*WORK REQUEST*
For this task, extract exactly the lines of the data below, from the line containing "LLUUMIU Winter Women" through the last one, with pictures left out.

*SUPPLIED DATA*
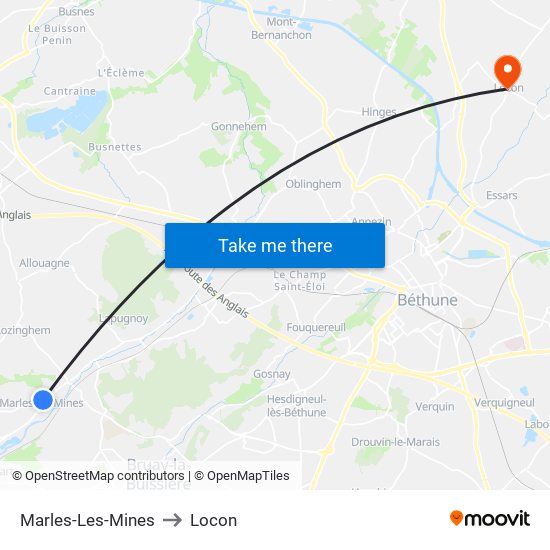 Marles-Les-Mines to Locon map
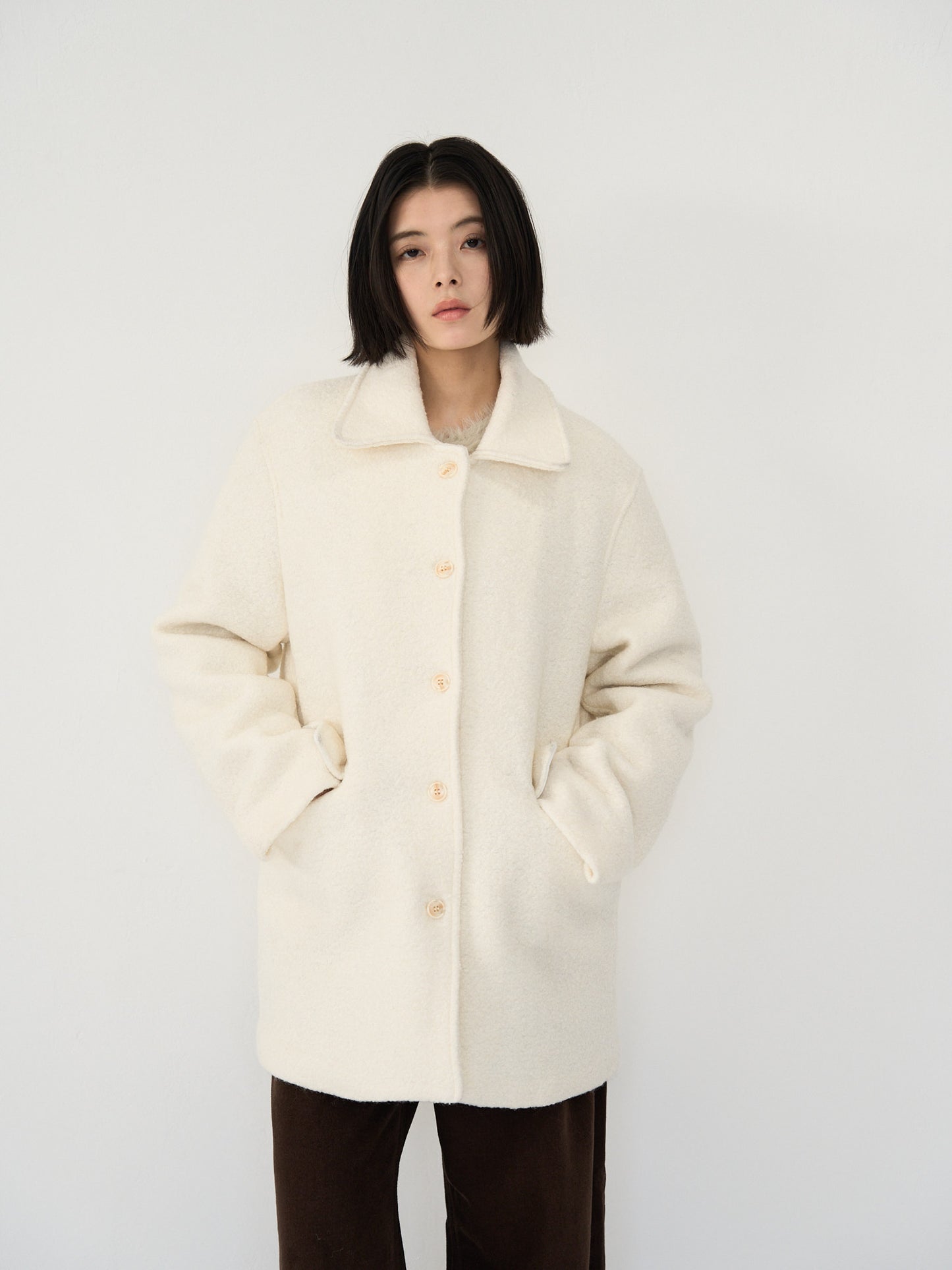 boucle wool midi coat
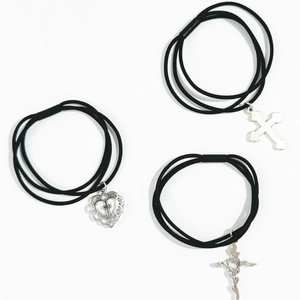 Three-layer black elastic hair ties set with silver heart and gothic cross charms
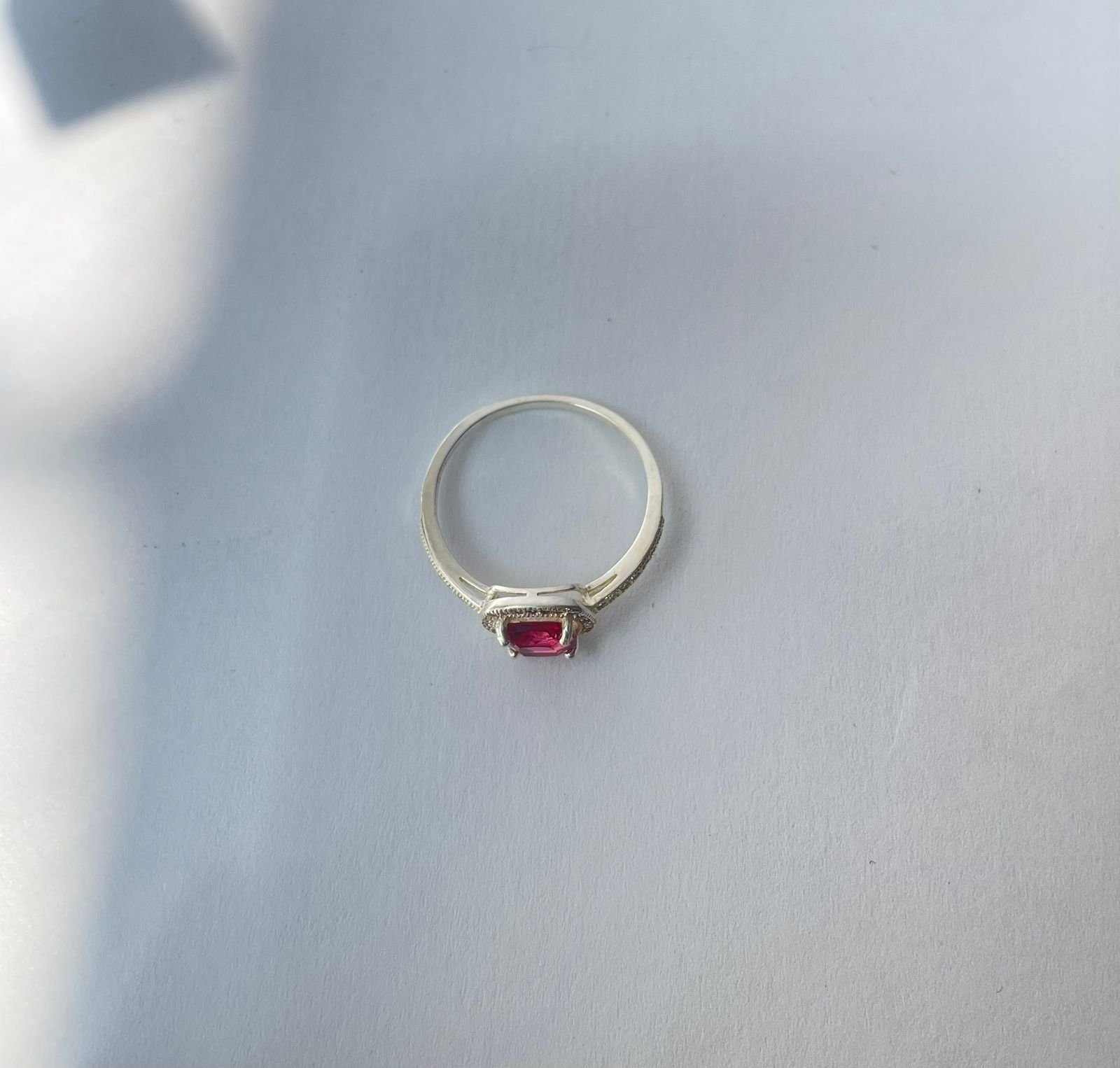 Anillo clásico 1.70 gr / T8/ circon rosado plata italiana - Imagen 3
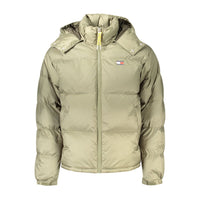 Green Polyester Full-Length Jacket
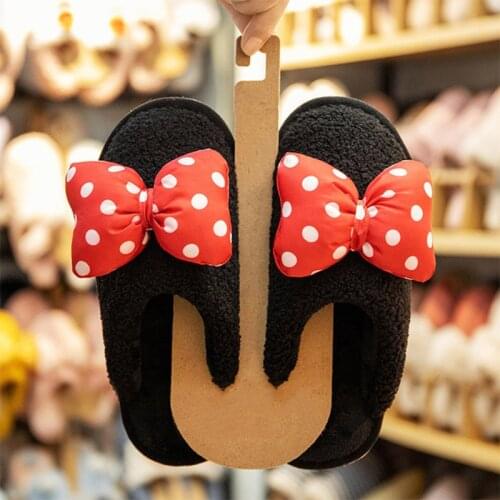 LLUUMIU Winter Women Flat Slippers Warm Cute Bow Plush Slippers Female Home Floor Comfort Shoes Couple Man Footwear slides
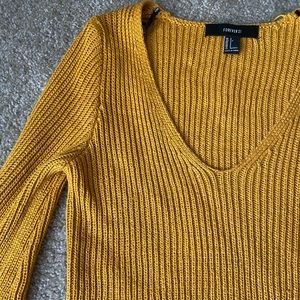 Mustard yellow crop sweater with bell sleeves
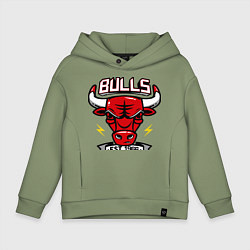 Толстовка оверсайз детская Chicago Bulls est. 1966, цвет: авокадо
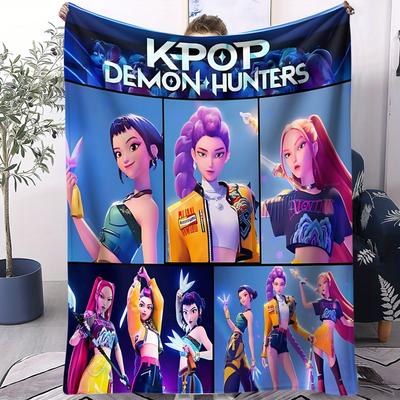 K-Pop Охотники на демонов Одеяло Huntrix Girl Team Фланелевое одеяло Подарок для фанатов Подходит для домашнего отдыха Кемпинга Многофункциональное одеяло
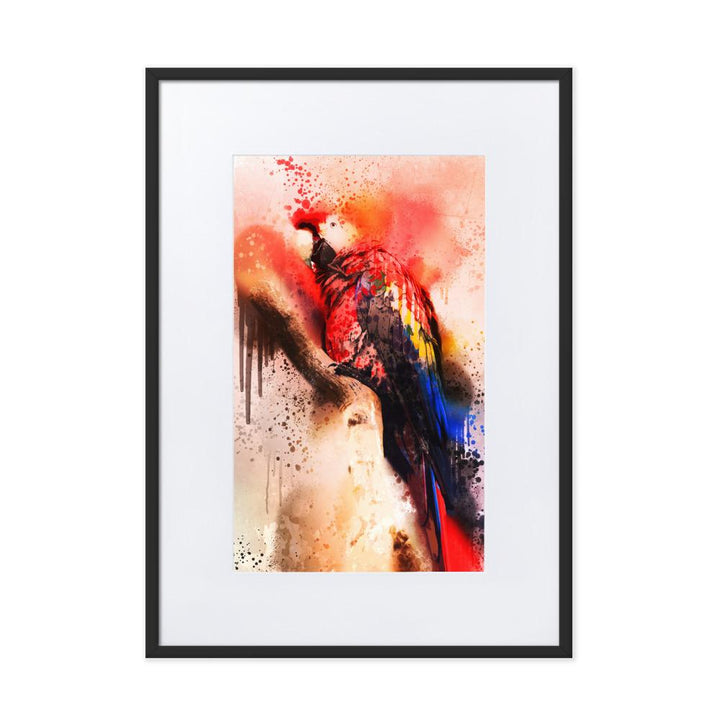 Fantasie Papagei - Poster im Rahmen mit Passepartout Kuratoren von artlia Schwarz / 50×70 cm artlia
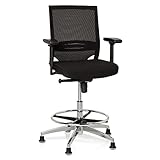 hjh OFFICE 657550 Arbeitsstuhl Counterstuhl TOP WORK 77 Stoff/Netz Schwarz...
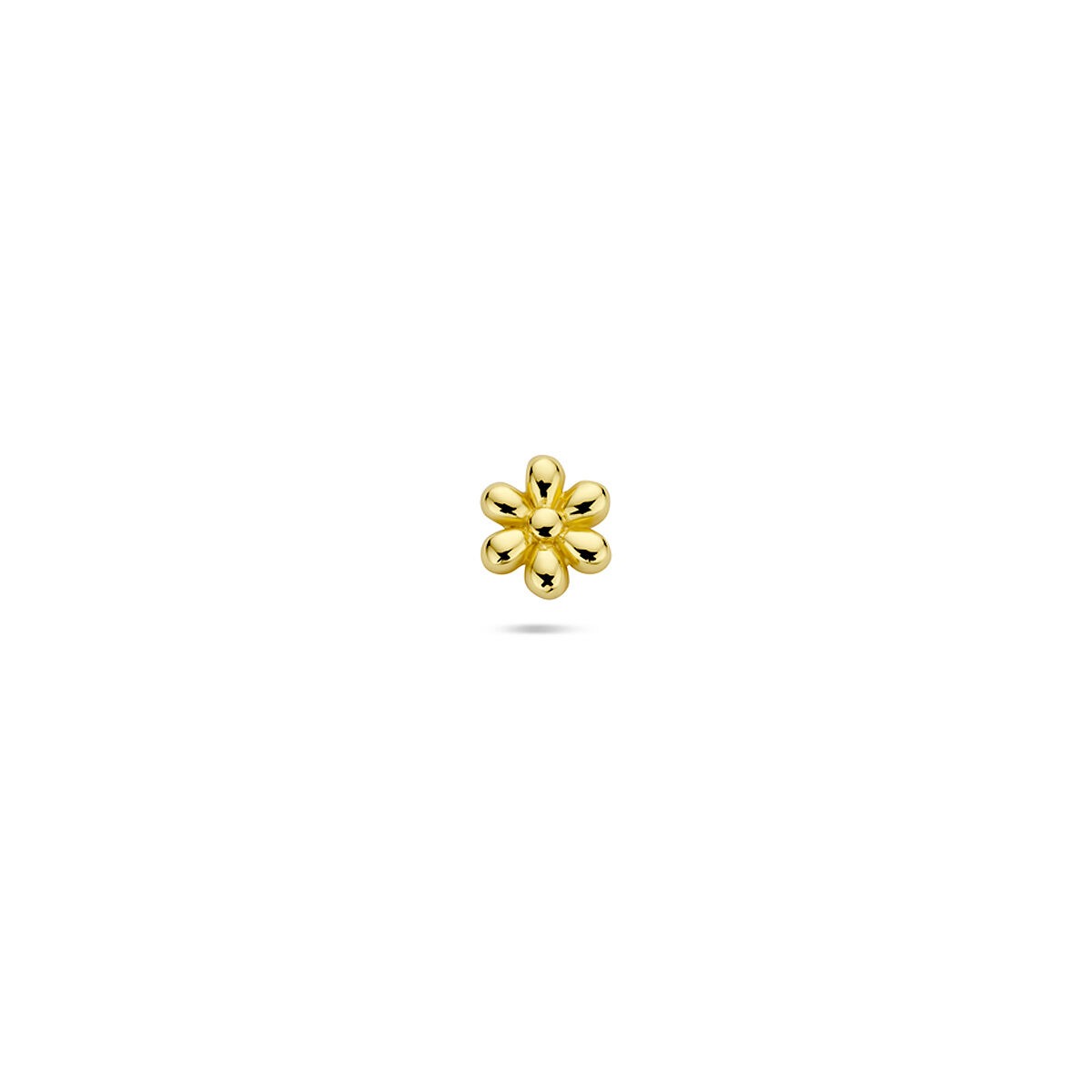Pendentif en argent 925 doré en forme de fleur avec un design à plat.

*RESPONSE TO THIS EXERCISE*
 LLUUMIU Winter Women Flat Slippers Warm Cute Bow Plush Slippers Female Home Floor Comfort Shoes Couple Man Footwear slides
 Mustard yellow crop sweater with bell sleeves
 Толстовка оверсайз детская Chicago Bulls est. 1966, цвет: авокадо
 K-Pop Охотники на демонов Одеяло Huntrix Girl Team Фланелевое одеяло Подарок для фанатов Подходит для домашнего отдыха Кемпинга Многофункциональное одеяло
 Fantasie Papagei - Poster im Rahmen mit Passepartout Kuratoren von artlia Schwarz / 50×70 cm artlia
 hjh OFFICE 657550 Arbeitsstuhl Counterstuhl TOP WORK 77 Stoff/Netz Schwarz...
Pendentif en argent 925 doré en forme de fleur avec un design à plat.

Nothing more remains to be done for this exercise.